## Extracted information
------------------------

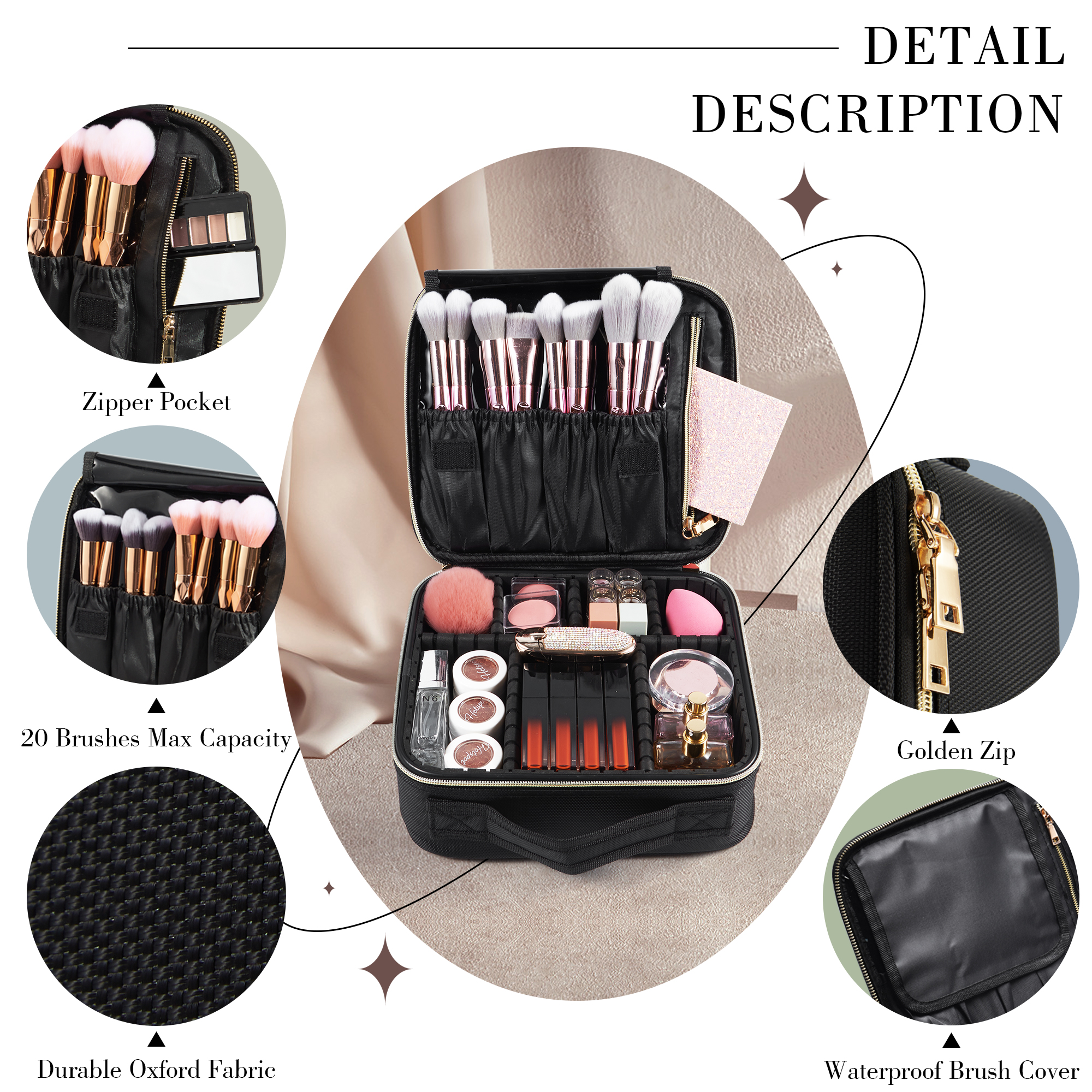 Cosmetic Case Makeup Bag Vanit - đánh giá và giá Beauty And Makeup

------------------------

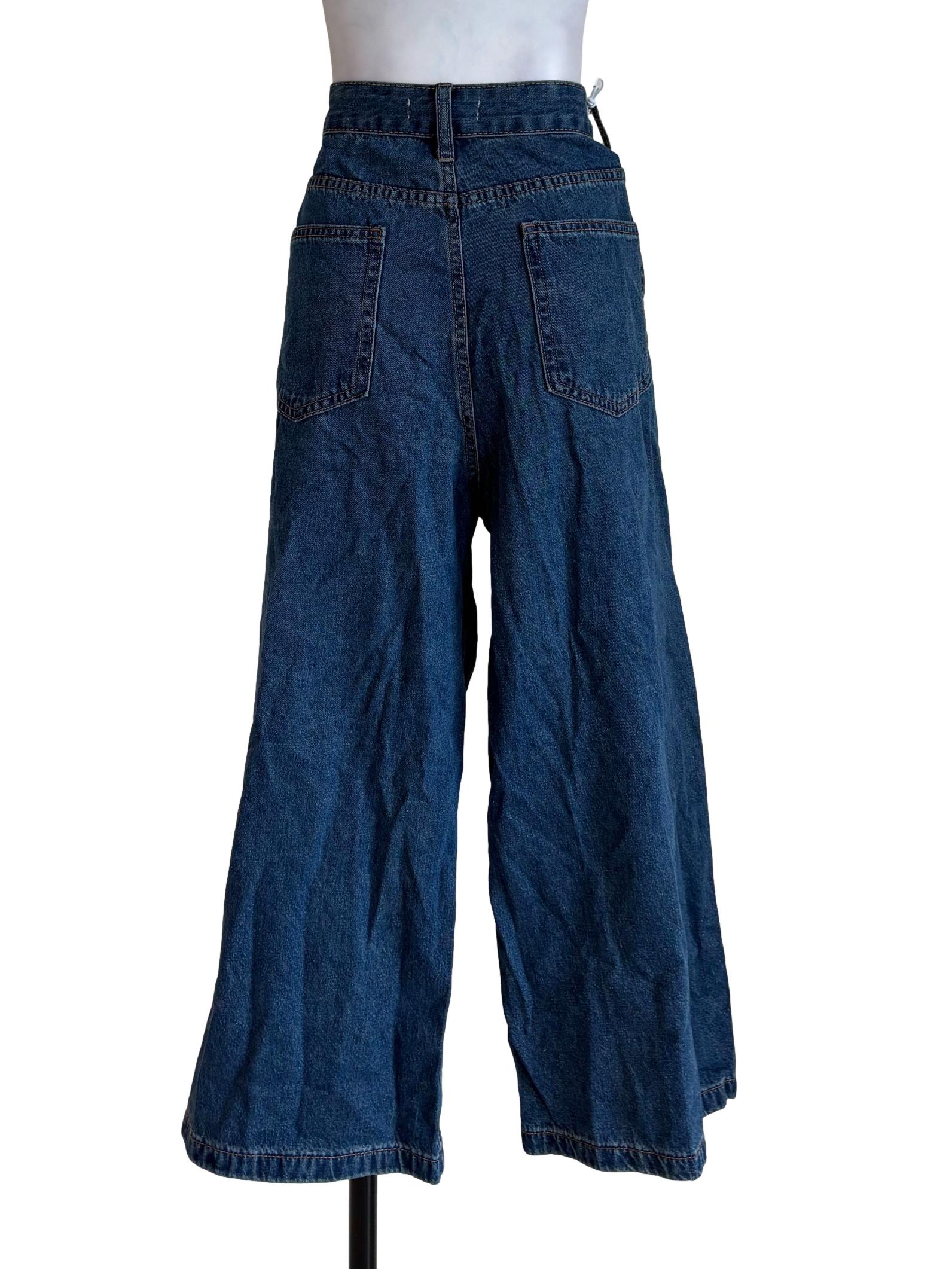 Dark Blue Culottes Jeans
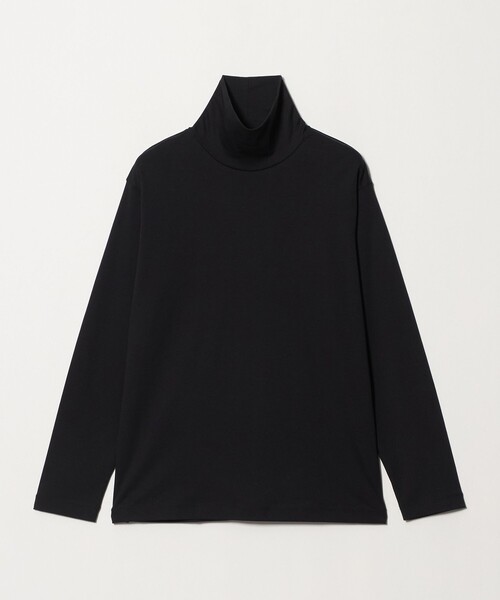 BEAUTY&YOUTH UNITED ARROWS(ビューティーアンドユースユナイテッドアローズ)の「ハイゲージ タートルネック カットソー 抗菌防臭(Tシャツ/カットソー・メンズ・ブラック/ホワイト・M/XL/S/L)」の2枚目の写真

------------------------

## To do
Nothing but the lines from the one with "Dark Blue Culottes Jeans" to the one with "BEAUTY&YOUTH UNITED ARROWS(ビューティーアンドユースユナイテッドアローズ)の「ハイゲージ" above, both included, should be transcribed, exactly and without pictures.

## Your solution
 Dark Blue Culottes Jeans
 BEAUTY&YOUTH UNITED ARROWS(ビューティーアンドユースユナイテッドアローズ)の「ハイゲージ タートルネック カットソー 抗菌防臭(Tシャツ/カットソー・メンズ・ブラック/ホワイト・M/XL/S/L)」の2枚目の写真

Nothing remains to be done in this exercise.